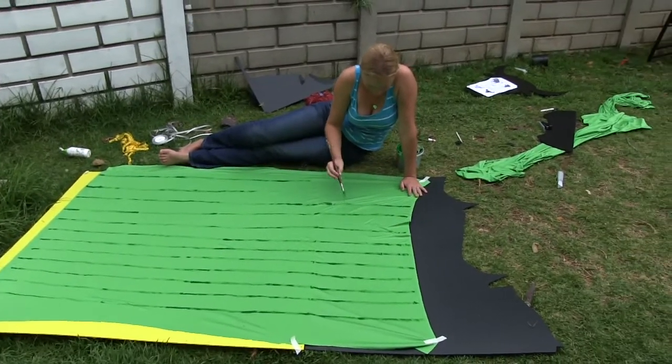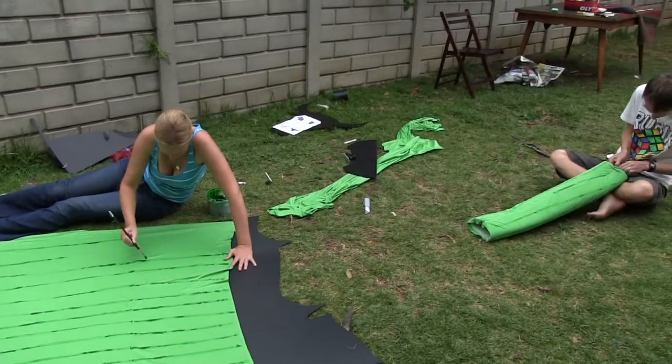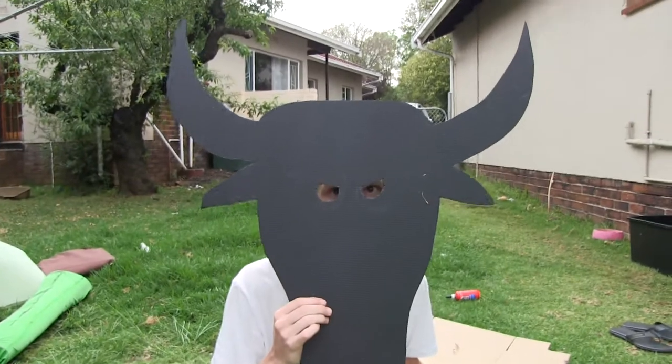Still working on our costumes. Cactus getting painted. Hold on, let me get the horns in there.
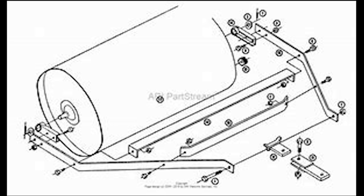Lastly, here is a diagram of all the parts for the lawn roller. That's the video. Bye.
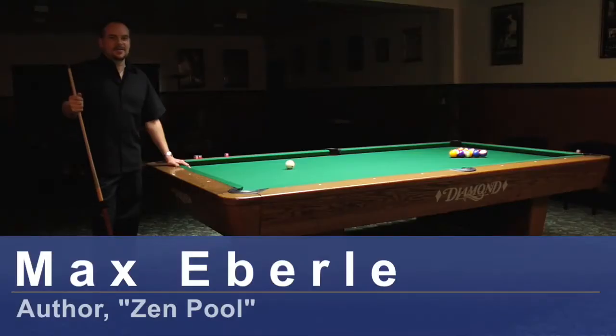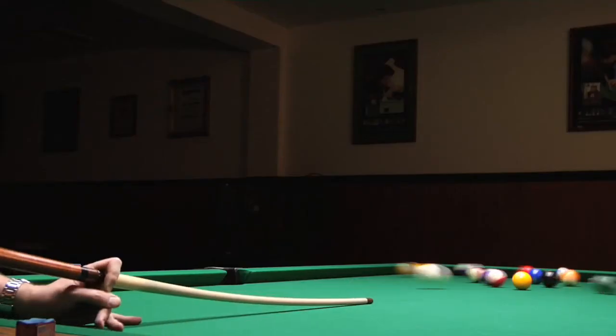Hi, I'm Max Eberle, and this is at Hard Times Billiards in Bellflower, California. And this is how to break when shooting pool.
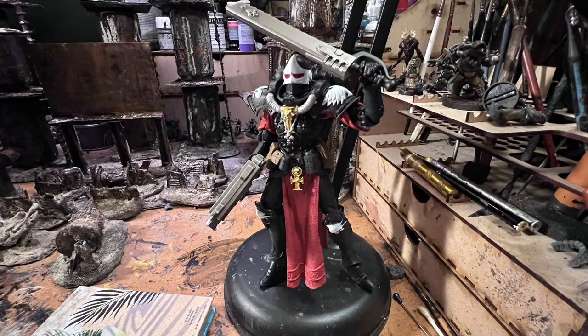In other news, I am getting close to some fun milestones in terms of subscribers. I'm actually going to do a repaint on this Sister of Battle McFarlane toy that I got at Target the other day. When I get to 600 subscribers, which is not too long from now, I'm going to do a repaint with a new color scheme and leave that up to a community vote.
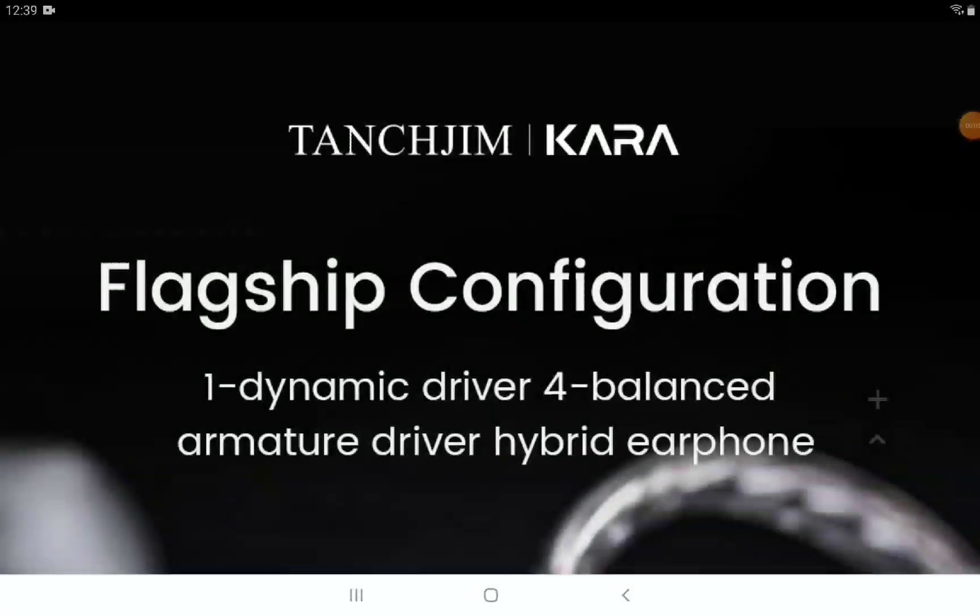The other day I talked about Tanzu Jim's Kyra earphone that was announced — it's officially now on sale. This is almost like their flagship mid-range earphone. They also have more expensive models, but this is their hybrid for the year.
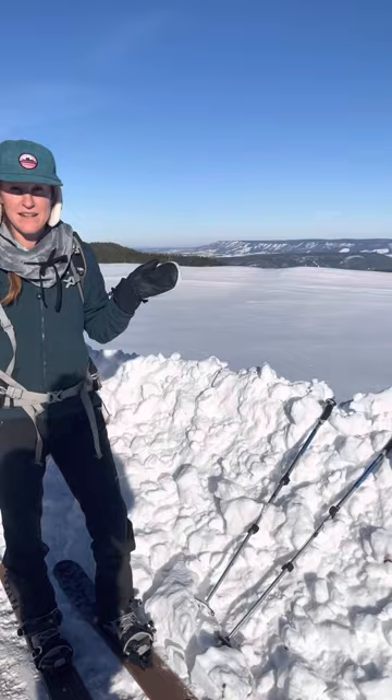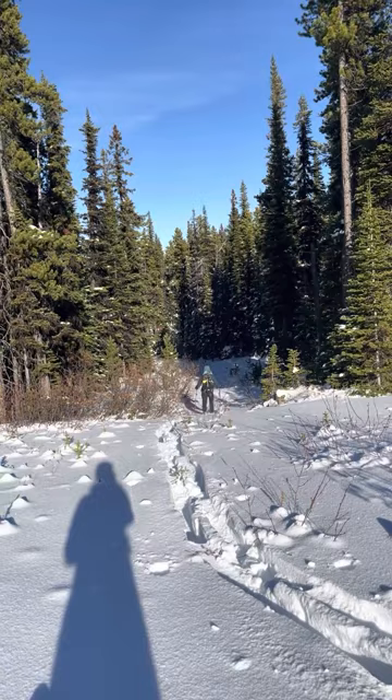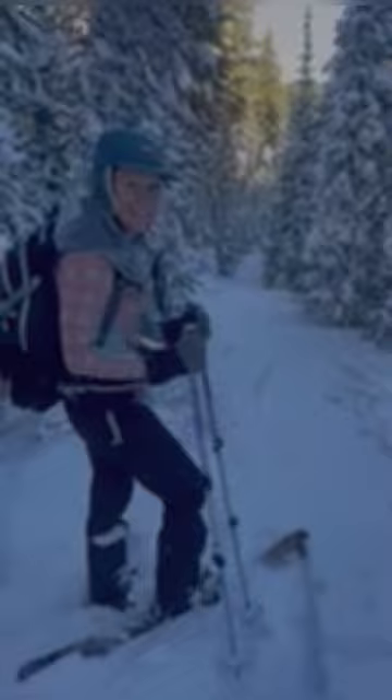Let's see where we can go — see if we can get ourselves lost. This snow is pure fluff. We're just sinking, so we can't get very much speed, but here we go.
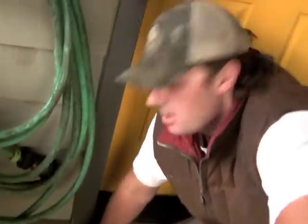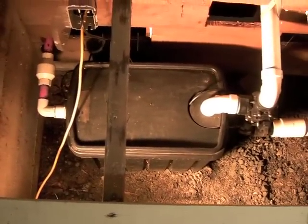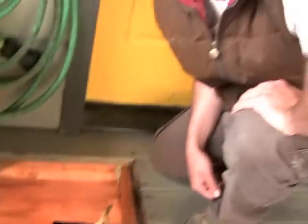We put in a simple gray water system for them, re-piping their household gray water into this small gray water box with a pump and a filter. There's a three-way valve and a check valve as per code, and the pump pumps out into the yard irrigation.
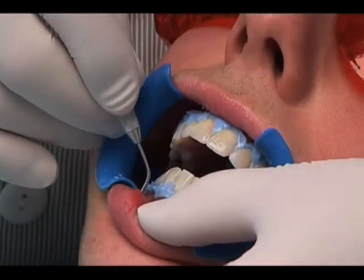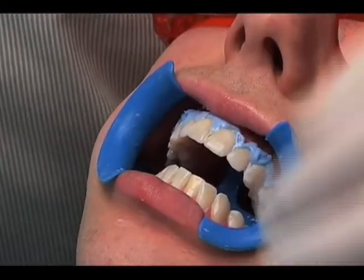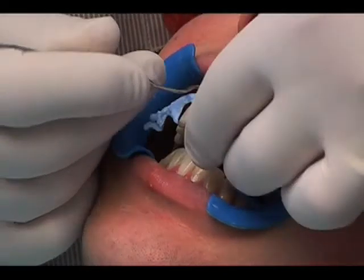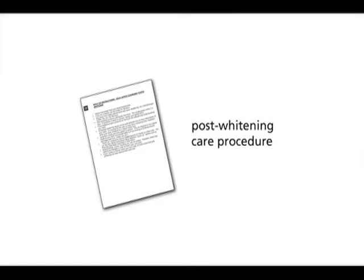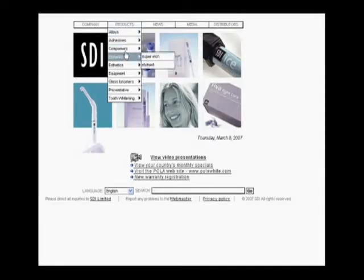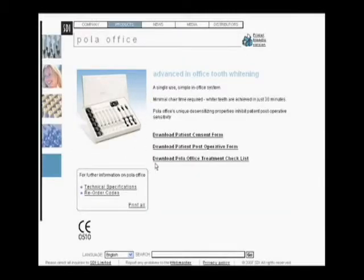Remove the gingival barrier by lifting it from one end using an explorer or other instrument. We recommend at this stage an after photo be taken. Discuss the outcome with the patient and the recommended next steps. It is important that you discuss with your patient the post-whitening care procedure, which can be found on the SDI website www.sdi.com.au under the tooth whitening Polar Office tab in the products menu. You may choose to dispense a desensitizing gel such as Soothe to minimize any post-whitening sensitivity.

○ ○ ○ ○

*Activity*. Your output should consist solely of the lines from the line containing "We put in a" through the last line of the entries, verbatim, minus any pictures.

*Answer to this exercise*.
We put in a simple gray water system for them, re-piping their household gray water into this small gray water box with a pump and a filter. There's a three-way valve and a check valve as per code, and the pump pumps out into the yard irrigation.
Remove the gingival barrier by lifting it from one end using an explorer or other instrument. We recommend at this stage an after photo be taken. Discuss the outcome with the patient and the recommended next steps. It is important that you discuss with your patient the post-whitening care procedure, which can be found on the SDI website www.sdi.com.au under the tooth whitening Polar Office tab in the products menu. You may choose to dispense a desensitizing gel such as Soothe to minimize any post-whitening sensitivity.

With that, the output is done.